* [REQUIRED ACTION]:
Of the lines in the data below, write out exactly those from the one holding "March 2, 2024" through the one holding "GIT • 10 -12", both included.

PROVIDED DATA START

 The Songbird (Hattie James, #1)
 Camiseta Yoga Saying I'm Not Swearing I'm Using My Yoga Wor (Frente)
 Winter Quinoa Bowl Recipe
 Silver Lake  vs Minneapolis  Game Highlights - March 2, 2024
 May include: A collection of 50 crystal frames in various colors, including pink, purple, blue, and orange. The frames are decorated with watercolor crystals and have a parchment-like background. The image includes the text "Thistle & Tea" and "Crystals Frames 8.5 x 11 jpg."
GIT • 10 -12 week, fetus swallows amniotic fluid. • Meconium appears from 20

PROVIDED DATA END
PROVIDED DATA START

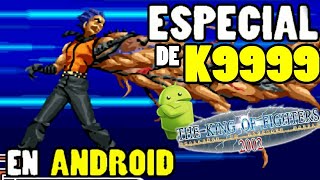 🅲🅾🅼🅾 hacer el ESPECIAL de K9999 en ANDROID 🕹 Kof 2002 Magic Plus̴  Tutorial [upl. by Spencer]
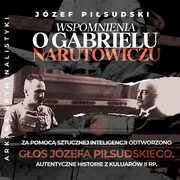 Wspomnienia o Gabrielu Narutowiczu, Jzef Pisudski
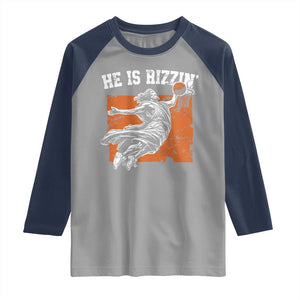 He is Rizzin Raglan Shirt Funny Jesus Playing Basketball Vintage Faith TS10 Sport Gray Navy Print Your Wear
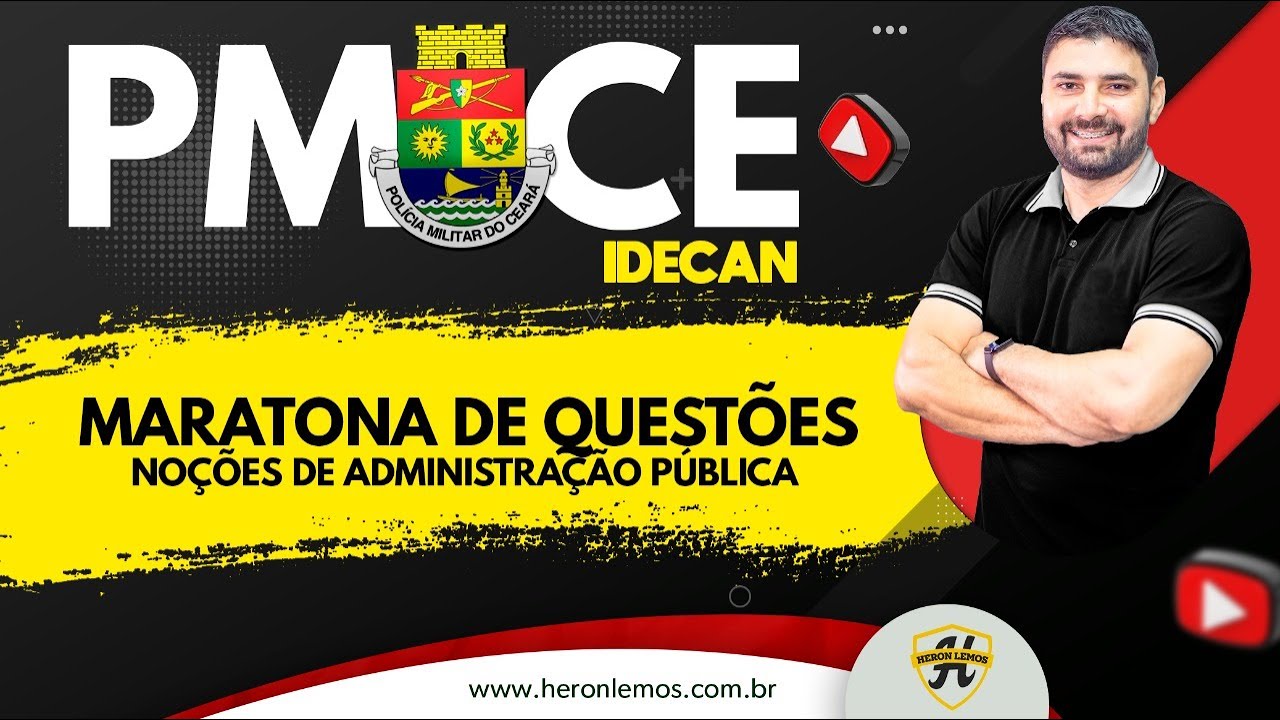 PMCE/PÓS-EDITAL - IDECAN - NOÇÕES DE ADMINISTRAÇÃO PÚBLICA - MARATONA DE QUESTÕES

PROVIDED DATA END

* [YOUR RESPONSE]:
 Silver Lake  vs Minneapolis  Game Highlights - March 2, 2024
 May include: A collection of 50 crystal frames in various colors, including pink, purple, blue, and orange. The frames are decorated with watercolor crystals and have a parchment-like background. The image includes the text "Thistle & Tea" and "Crystals Frames 8.5 x 11 jpg."
GIT • 10 -12 week, fetus swallows amniotic fluid. • Meconium appears from 20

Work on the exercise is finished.